→ WHAT TO PRODUCE:
Instruction for the data below: set down exactly the lines from the line with "300kg Hanging Scale" to the line with "and a thick", inclusive, and no others.

→ INPUT DATA:
▬▬▬▬▬▬▬▬▬▬

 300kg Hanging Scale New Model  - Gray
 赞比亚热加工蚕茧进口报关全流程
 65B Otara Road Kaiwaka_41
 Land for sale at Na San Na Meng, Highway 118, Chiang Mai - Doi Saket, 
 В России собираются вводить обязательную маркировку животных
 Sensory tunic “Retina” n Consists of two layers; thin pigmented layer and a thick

▬▬▬▬▬▬▬▬▬▬

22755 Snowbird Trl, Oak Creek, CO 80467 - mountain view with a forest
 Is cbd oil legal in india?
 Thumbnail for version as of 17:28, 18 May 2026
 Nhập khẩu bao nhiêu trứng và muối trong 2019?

▬▬▬▬▬▬▬▬▬▬

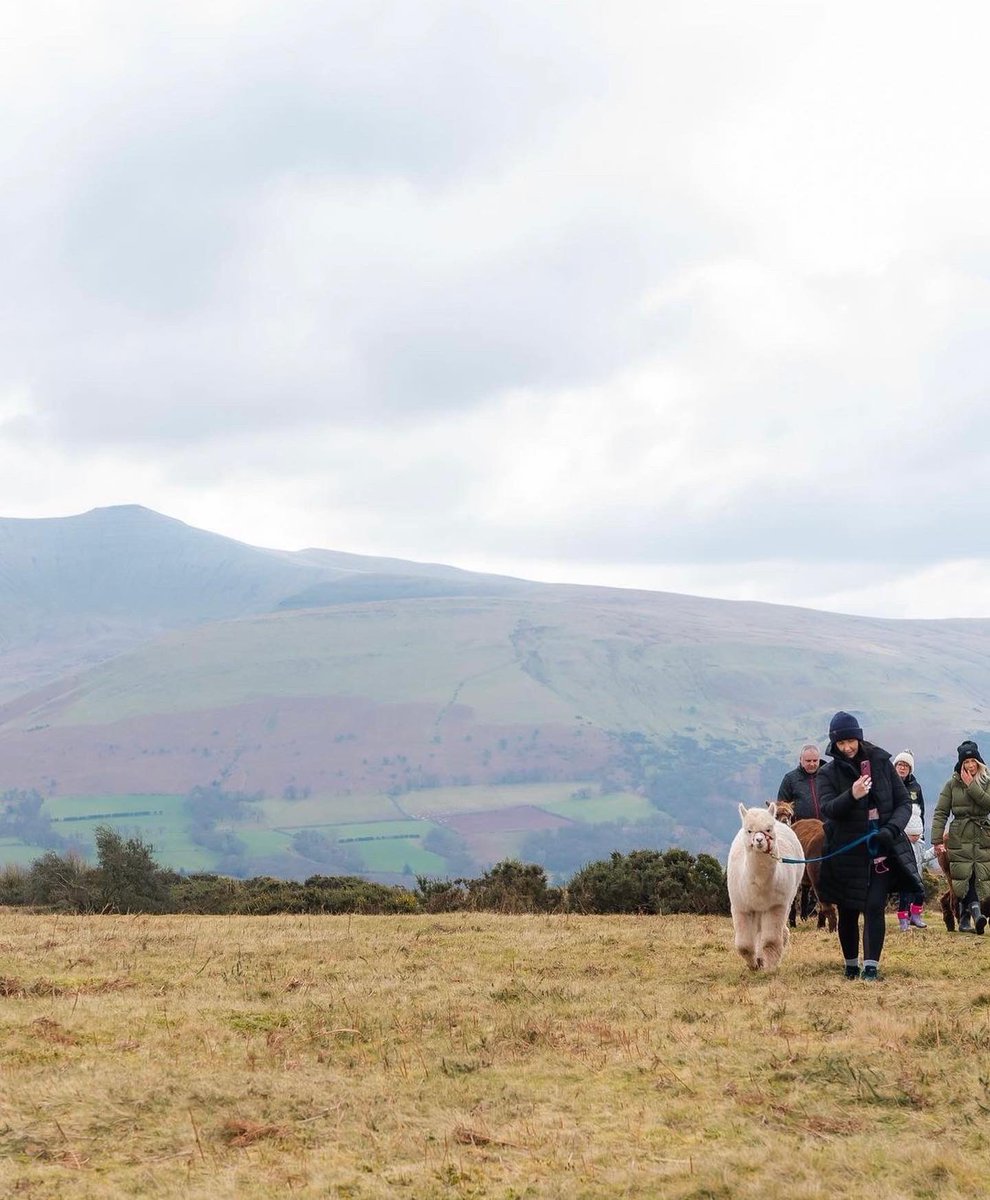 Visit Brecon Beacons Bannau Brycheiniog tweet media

▬▬▬▬▬▬▬▬▬▬

→ WRITTEN ANSWER:
 300kg Hanging Scale New Model  - Gray
 赞比亚热加工蚕茧进口报关全流程
 65B Otara Road Kaiwaka_41
 Land for sale at Na San Na Meng, Highway 118, Chiang Mai - Doi Saket, 
 В России собираются вводить обязательную маркировку животных
 Sensory tunic “Retina” n Consists of two layers; thin pigmented layer and a thick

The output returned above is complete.